U.K.: Uma verdadeira descoberta foi um relevo de parede de Lee Bontecou. Não acreditei quando o vi aqui no depósito. É uma enorme obra pastiche de telas tridimensional, concavidades que lembram um casulo duplo – um trabalho fantástico! Aqui provavelmente poucas pessoas conhecem a artista americana. Em Nova York nos anos de 1960 ela era considerada uma estrela pelos círculos artísticos. Nós vamos mostrar pela primeira vez esse trabalho no Museu de Arte Contemporânea por ocasião da nova mostra da coleção. Isso também significa a importância que tem o trabalho em museus junto à própria coleção, no sentido de que esta pode ser revista e reordenada constantemente sob diferentes perspectivas. Isso é uma das maiores vantagens das coleções e museus públicos. A atenção deve estar sempre voltada a mudanças internas.

Art: O senhor sofre pressões para produzir exposições de grande sucesso comercial?
U.K.: Considero evidente a possibilidade de se mostrar exposições que são notadas pelo público. E é naturalmente muito gratificante quando se consegue atrair centenas de milhares de pessoas com uma exposição. A mostra do MoMA obteve um grande sucesso, também porque era uma excelente exposição. Porém, uma exposição apenas para ser um blockbuster? Isso significaria colocar levianamente em risco o potencial criativo de um museu.

Art: Como o senhor avalia em geral a situação de Berlim como cidade da arte?
U.K.: O que chama a atenção são as forças que se revelam aqui na sua dinâmica própria. Não se pode falar realmente de uma atmosfera de crise. Também não se fala muito sobre dinheiro, mesmo porque a maioria não tem, portanto não é um assunto em discussão. Nos dias de hoje é possível viver relativamente bem aqui. Há uma grande riqueza visual, em cada esquina da cidade se vê algo diferente, muitas vezes depara-se com novas situações e com diferentes pessoas. Também a mescla de cenários, como a cena teatral, a cena cinematográfica, a cena artística e a cena de moda, tudo isso percebo como algo que faz bem e que é estimulante.

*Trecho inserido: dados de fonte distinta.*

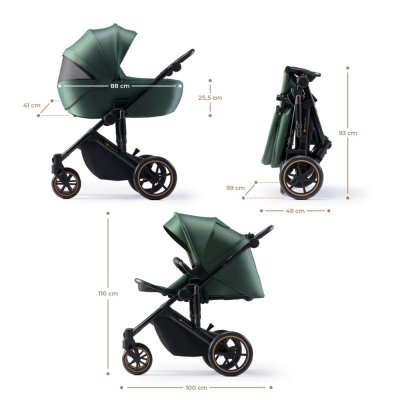 KINDERKRAFT SELECT Kinderwagen kombiniert 3 in 1 Prime 2 Dunkelgrün, Premium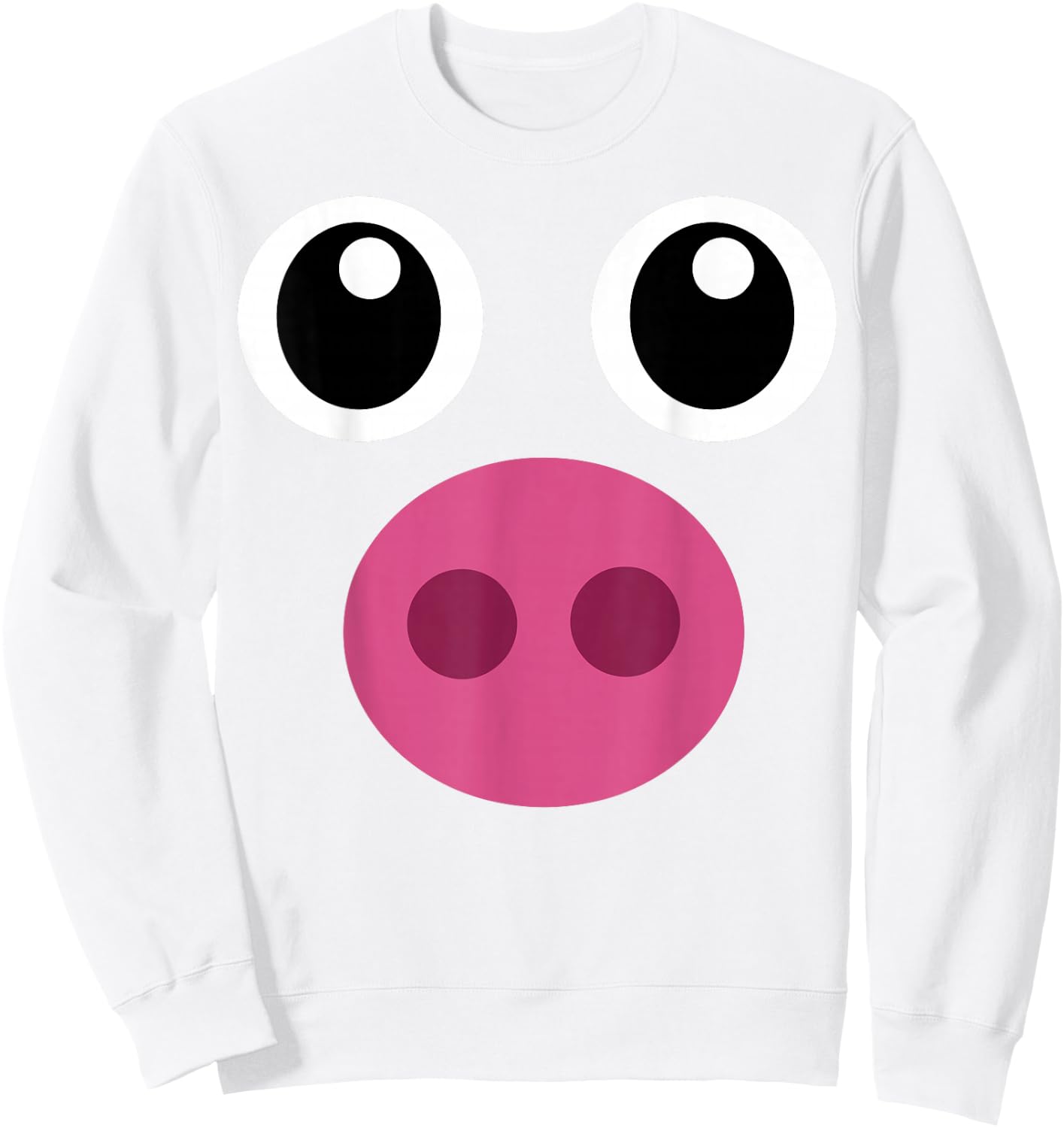 Funny Pig Face Shirt Swine Halloween Costume Gift Sweatshirt - Sweatshirt | White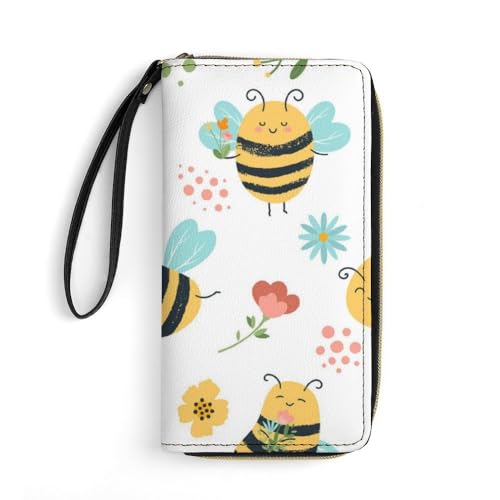 JiuPopular Ledergeldbörse, Bienen-Blume, mit Seil, kleine Größe und großes Fassungsvermögen, leicht zu tragen von JiuPopular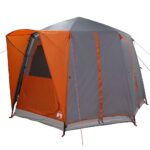 vidaXL Stan pre 3 osoby so strechou Šedá a oranžová 320 x 320 x 203 cm – Obrázok 4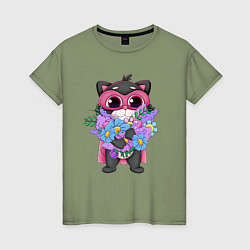 Женская футболка Кот супергерой с цветами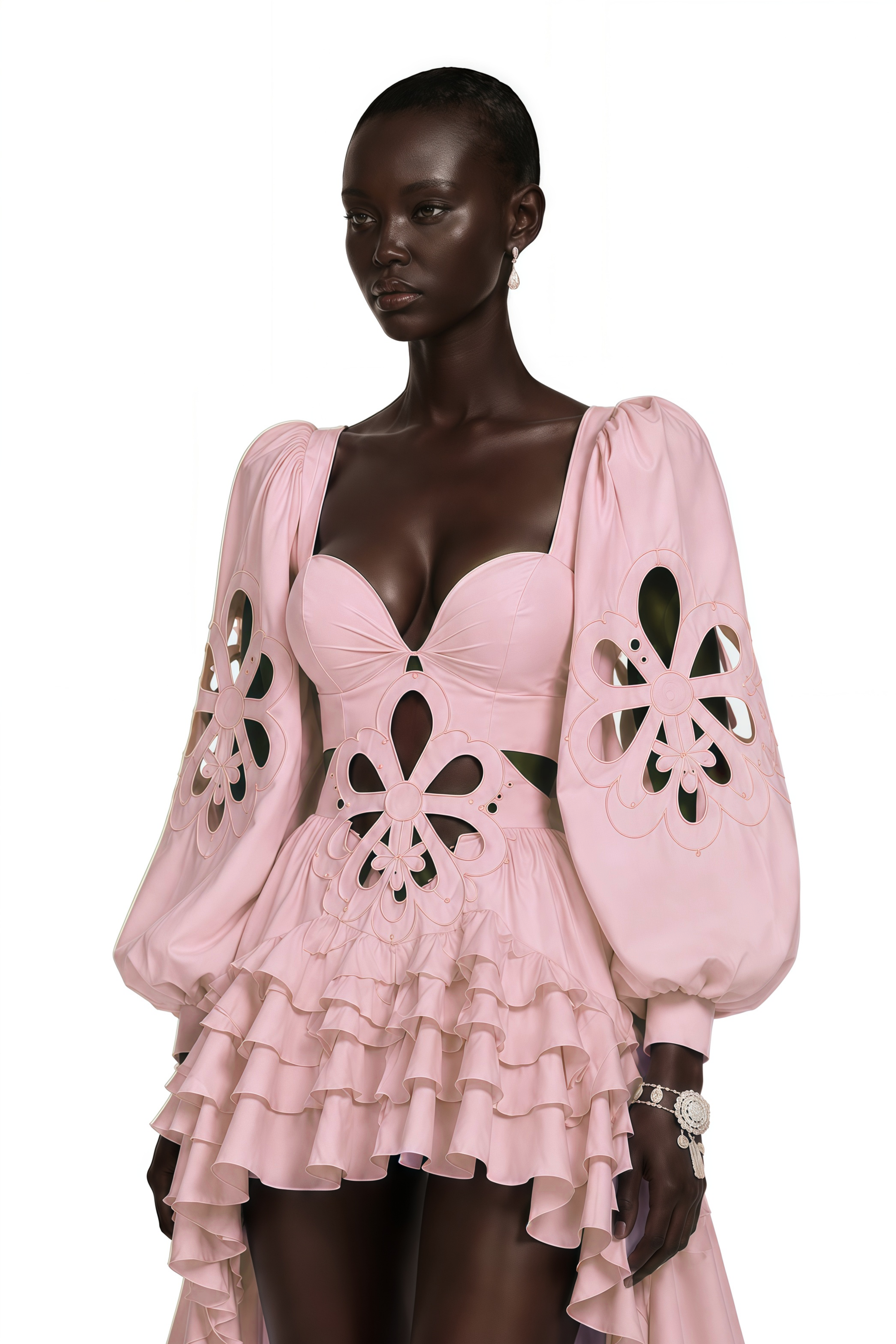 Charles Pink Cut-Out Asymmetrical Maxi Dress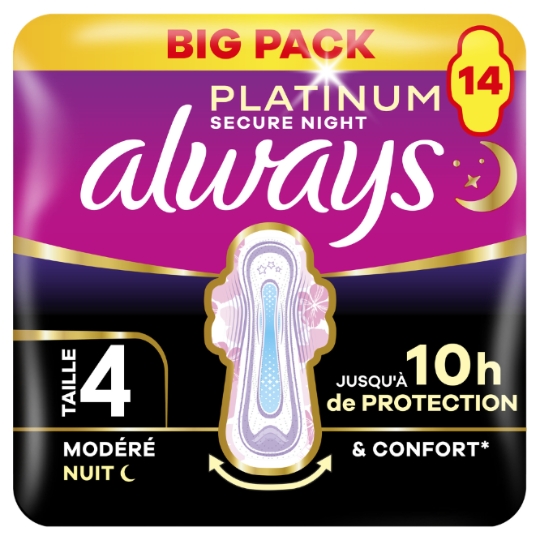 Serviettes Hygiéniques avec Aillettes Flux Modéré Taille 4 Platinum Secure Night ALWAYS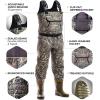 Foxelli Chest Waders, Waterproof 4mm Neoprene Hunting & Fishing Waders for Men & Women with Boots(Camo)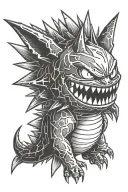gengar pokemon side tattoo design idea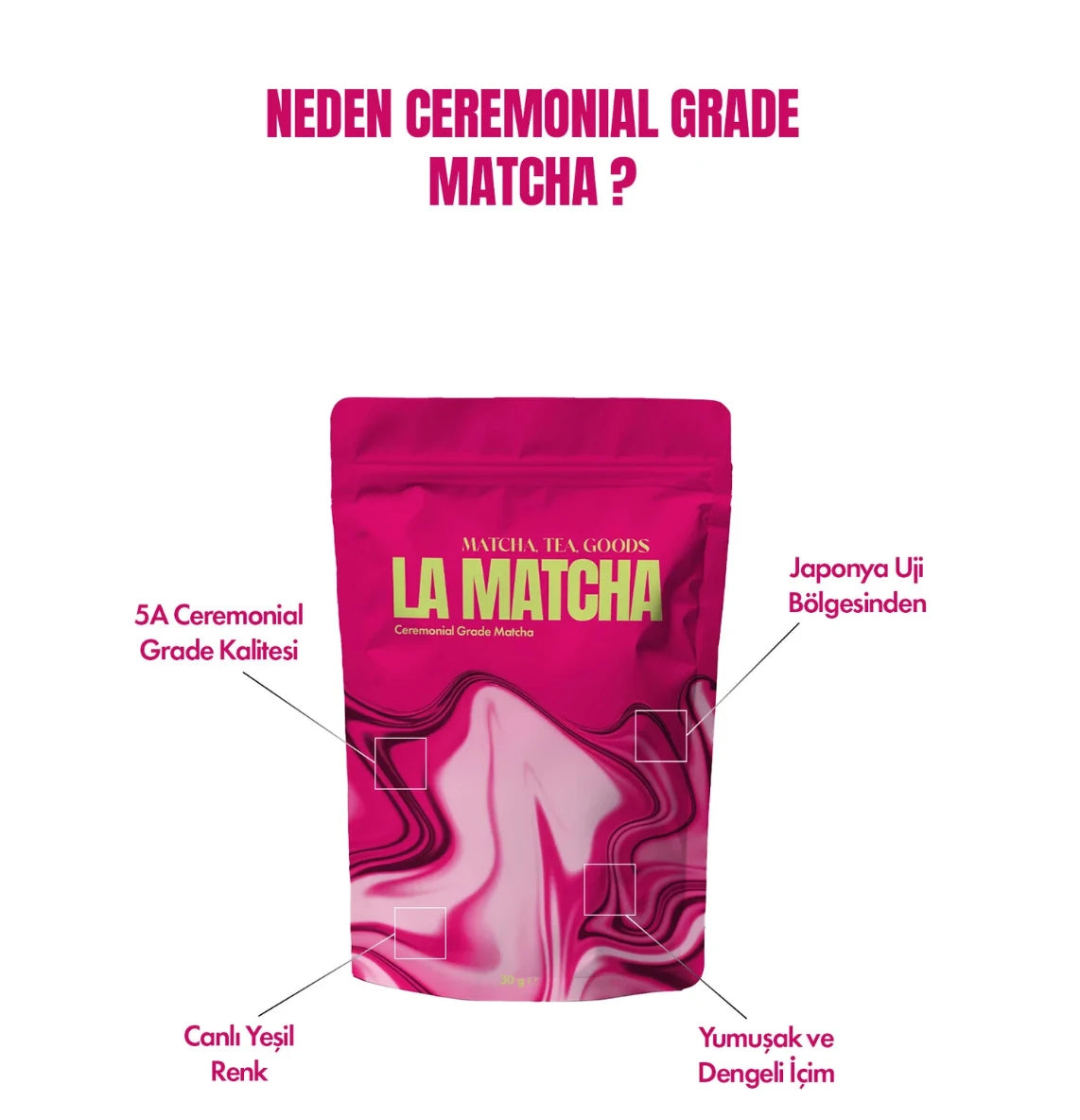 LA MATCHA Ceremonial Grade Matcha 30 g + Matcha Whisk (Chasen)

Art: O senhor é conhecido como grande networker. Encontra frequentemente velhos conhecidos?
U.K.: Certamente. Não faz muito tempo que, à noite, em um bar próximo ao teatro Volksbühne, quase não pude acreditar no que vi: ali estavam sentadas pessoas que eu já havia conhecido em Colônia nos meados dos anos 1990, muitos artistas, galeristas e colecionadores. Isso foi muito prazeroso. Mas, por outro lado, me perguntei de novo, o que leva as cenas artísticas a se deslocarem tanto: em 1995, era o bar Grünes Eck em Colônia, em 2009, o Bar 3, em Berlim.

Udo Kittelmann
Nasceu em Düsseldorf em 1958, frequentou o curso de ótico e exerceu a profissão até mudar para a área artística, em 1987. Como curador independente organizou inicialmente exposições no Münchner Lenbachhaus e no Kunstverein Salzburg. No início dos anos de 1990 dirigiu o Fórum Kunst Rottweil e o Ludwigsburger Kunstverein. A partir de 1994, tornou-se conhecido como diretor do Kölnischer Kunstverein. Na Bienal de Veneza de 2002 foi responsável pelo pavilhão da Alemanha, que apresentou uma instalação de Gregor Schneider, ganhador do Leão de Ouro. Em 2002 assumiu a direção do Museu de Arte Moderna (Museum für Moderne Kunst) em Frankfurt e provocou controvérsias com exposições independentes, como Spinnwebzeit. Die eBay-Vernetzung e © Murakami. Em novembro de 2008 sucedeu Peter-Klaus Schuster na direção da Galeria Nacional de Berlim – um dos mais importantes cargos em museus da Alemanha.